Rabiate Polemik nicht ausgeschlossen
Bis vor einigen Jahrzehnten konnten wir Leser solche handschriftlichen Verhältnisse – sie sind beim reifen Hölderlin die Regel – bestenfalls erahnen. Wir mussten uns mit gedruckten Reinschriften oder konstituierten Texten begnügen, rare Handschriftenfaksimiles blieben schmückende Beigaben. Wollte man es genauer wissen, erfuhr man das Nötige in den Kommentarbänden der maßgeblichen historisch-kritischen Editionen. Maßgeblich für Hölderlin war die Große Stuttgarter Ausgabe in fünfzehn Bänden, kurz: StA, die der Germanistenpapst Friedrich Beißner 1943, noch im Weltkrieg, begonnen hatte. Sie stand Mitte der siebziger Jahre kurz vor der Vollendung und ist inzwischen auch digitalisiert. Mit der Trennung von Lesefassung und Variantenapparat galt sie als Fels wie Vorbild neugermanistischer Editionstechnik und Textkritik.
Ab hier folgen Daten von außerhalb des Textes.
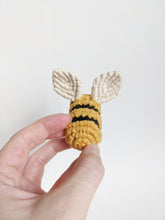 Load image into Gallery viewer, Macrame Honey Bee Sculpture String Theories Fiber Design
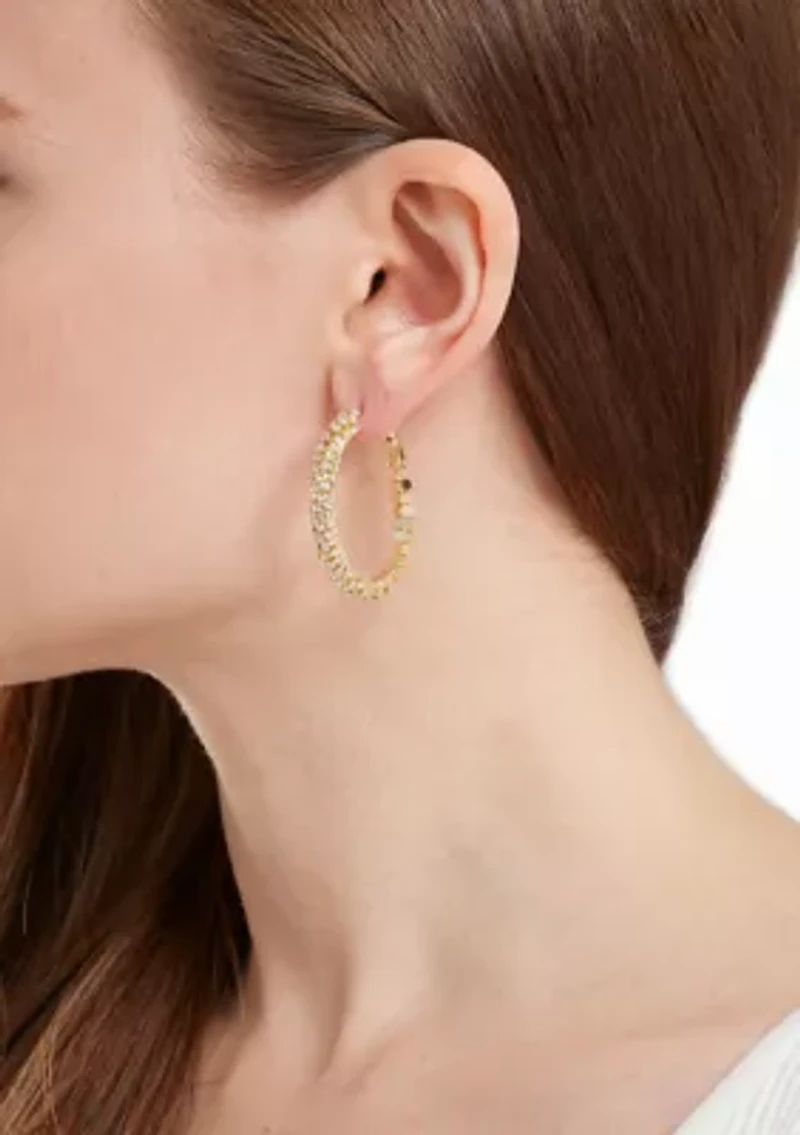 Gold Plated Cubic Zirconia Chain Hoop Twist Oblong Hoop Earrings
Am 6. August 1975 aber geschah Ungeheuerliches. Im Nobelhotel Frankfurter Hof präsentierten KD Wolff, 32 Jahre alt und linksradikaler Chef des Verlags „Roter Stern“, und der vier Jahre ältere D.E. Sattler, ein Werbegrafiker aus Kassel ohne Abitur, bei einer legendär gewordenen Pressekonferenz einen Einleitungs- und Probeband mit Abbildungen und Editionsbeispielen aus dem sogenannten Homburger Folioheft, der schwierigsten aller Hölderlin-Handschriften, und erklärten, binnen fünf Jahren eine vollständige und völlig neuartige Werkausgabe in zwanzig Bänden vorzulegen – ausschließlich finanziert durch Subskription und Verkauf, ohne öffentliche Unterstützung.
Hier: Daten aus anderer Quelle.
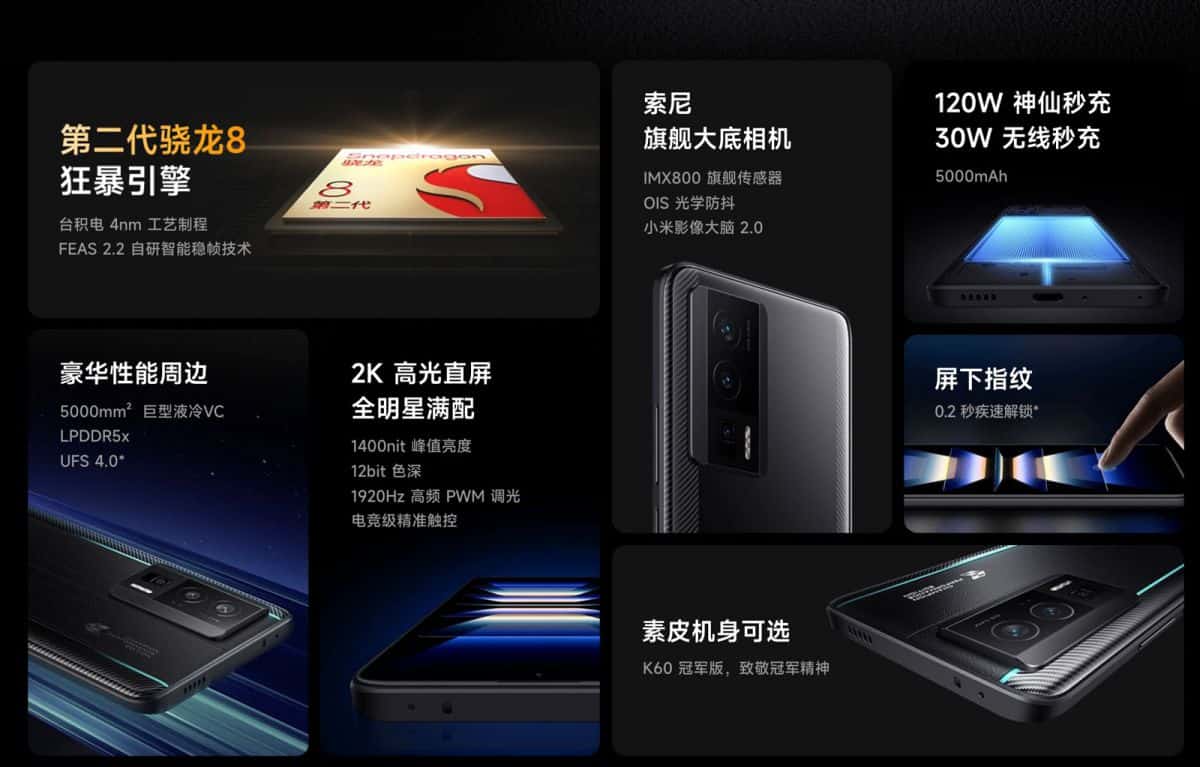 SD8 Gen 2、2K 芒、IMX800 防震三鏡！平價旗艦 Redmi K60 Pro 賣 3,299 人民幣起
Der Auftritt war nur noch moderat von Klassenkampf-Rhetorik orchestriert, was rabiate Polemik gegen die StA nicht ausschloss. Deren Editionsmethode, hieß es, unterdrücke den wahren Hölderlin und halte die Leser unmündig. Die deutschsprachigen Feuilletons, auch Volker Hage in dieser Zeitung, zeigten sich skeptisch, dabei erwartungsvoll und ja: auch beeindruckt. Stellvertretend für die etablierte Wissenschaft gab Detlev Lüders, der Direktor des Goethehauses und des Freien Deutschen Hochstifts, allerdings zu Protokoll, hier gehe es offenbar „nicht nur um einen ganzen, sondern auch um einen ganz roten Hölderlin“.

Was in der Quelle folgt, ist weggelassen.